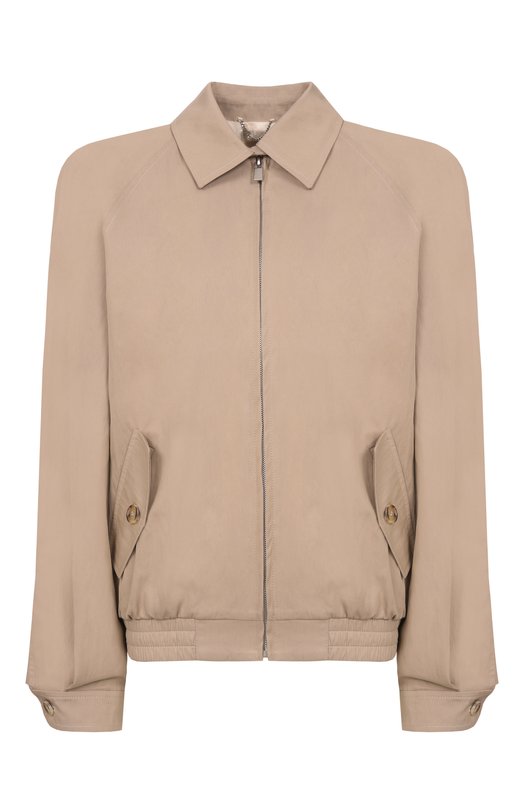 Хлопковый бомбер Magda Butrym 223426 Бежевый 223426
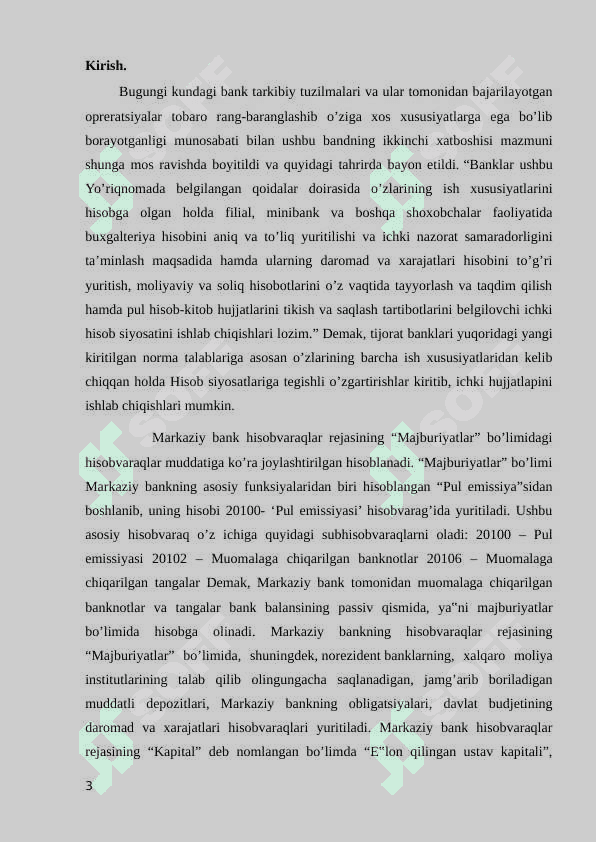 Banklarning nomoddiy aktivlari va ularning buxgalteriya hisobi 3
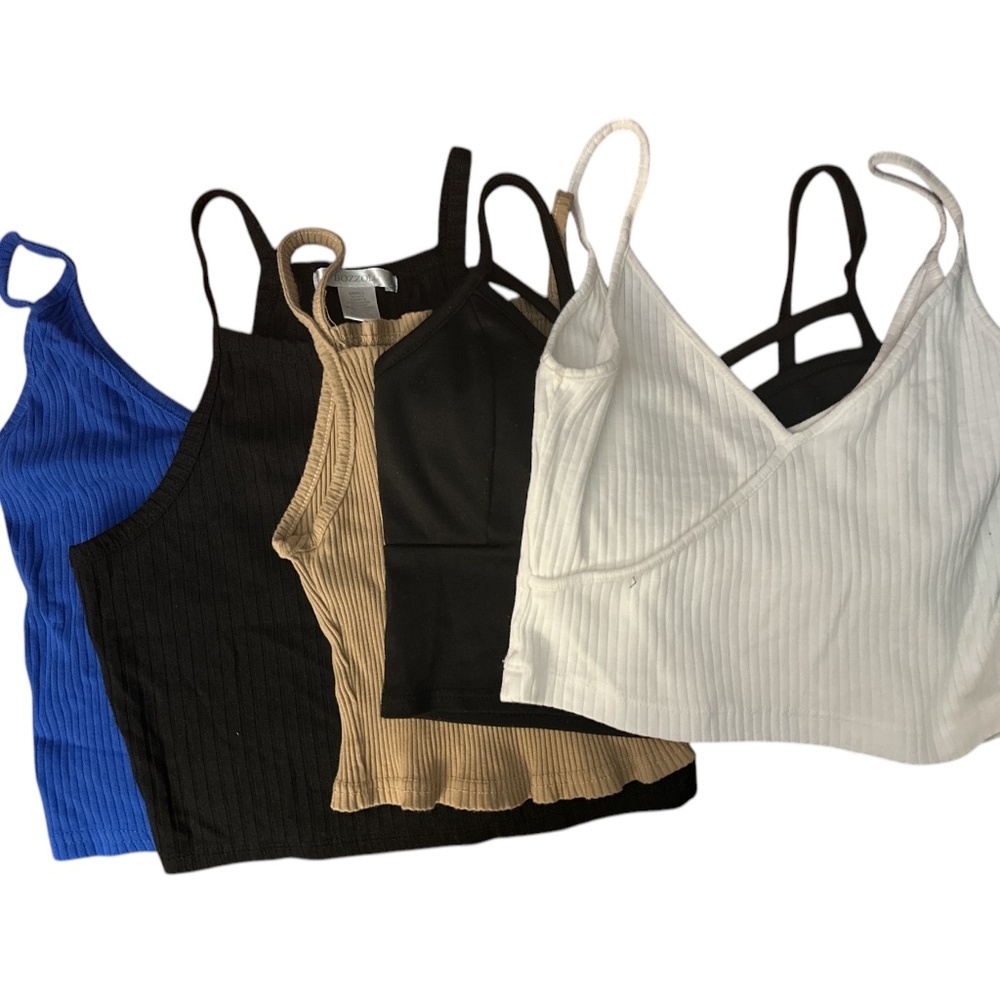 Cropped Top Bundle of 5 Size S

-- About this exercise --
Apart from the pictures, restate all of the listing above exactly.

-- Finished exercise --
 Хлопковый бомбер Magda Butrym 223426 Бежевый 223426
 Banklarning nomoddiy aktivlari va ularning buxgalteriya hisobi 3
 Cropped Top Bundle of 5 Size S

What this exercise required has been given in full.